How does the government or the ruling Bani Saud family represent the people? Have the people ever been given an opportunity to express their views on any matter, much less one of choosing the ruler? After ‘Abd al-‘Aziz ibn Saud, power has passed from one of his sons to the next in line. The people have no say in this at all. Further, there is no input from the people on any policy matters. In 2009, when a group of academics requested — yes requested — then Interior Minister Nayef ibn ‘Abd al-‘Aziz to establish a committee to oversee human rights violations, they were all promptly arrested and most of them are still in prison. There are in fact nearly 40,000 political prisoners in the desert Kingdom, most held on such charges as asking for respect for basic human rights and dignity.
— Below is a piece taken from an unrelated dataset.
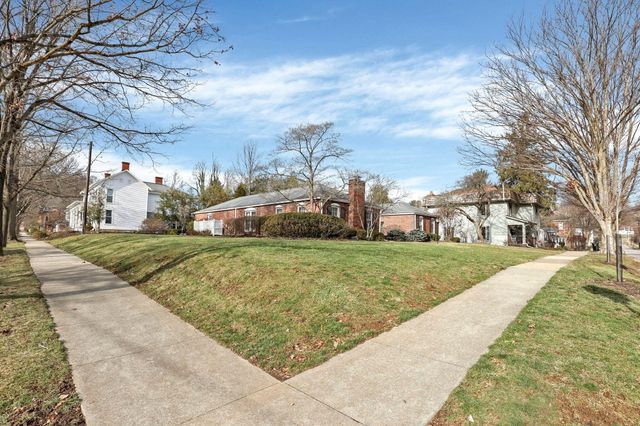 129 S Mulberry Street, Granville, OH 43023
But what are these “workshops” that Bin Salman was talking about: are they some kind of teaching sessions in which people are treated as students and told what to think? Who is invited to these “workshops” and who decides whether a person should be invited or barred? His “royal highness” did not provide any answers. Perhaps he has never heard of the expression: no taxation without representation.
Hitherto, this was the case in the desert Kingdom. The regime did not impose any taxes because there was plenty of money earned from oil sales. People’s loyalty could be bought. Saudi citizens went to school and then university, all expenses paid, at the end of which a job waited for them. If and when they went to the office, they would drink endless cups of coffee served to them by foreign expatriates — Indians, Pakistanis, Filipinos, etc. — and the Saudis would simply collect a paycheck at the end of the month.
With this arrangement, Bani Saud felt they could get away with it since people did not pay any taxes. Instead, their financial needs were taken care of. Those in need and able to get through the elaborate ring of security erected around the king’s court, could petition the “merciful and benevolent” king for some bakhsheesh. The ones who made it to the inner sanctum were never turned away empty-handed even if the courtiers demanded sycophantic rants from supplicants before they were thrown some crumbs.
This is no longer the case. The coffers are running dry. Dissatisfaction is rising and people are no longer willing to put up with decisions in whose formulation or implementation they have had no input but whose consequences they must suffer. People are no longer willing to accept that power and wisdom flow from the loins of Bani Saud alone.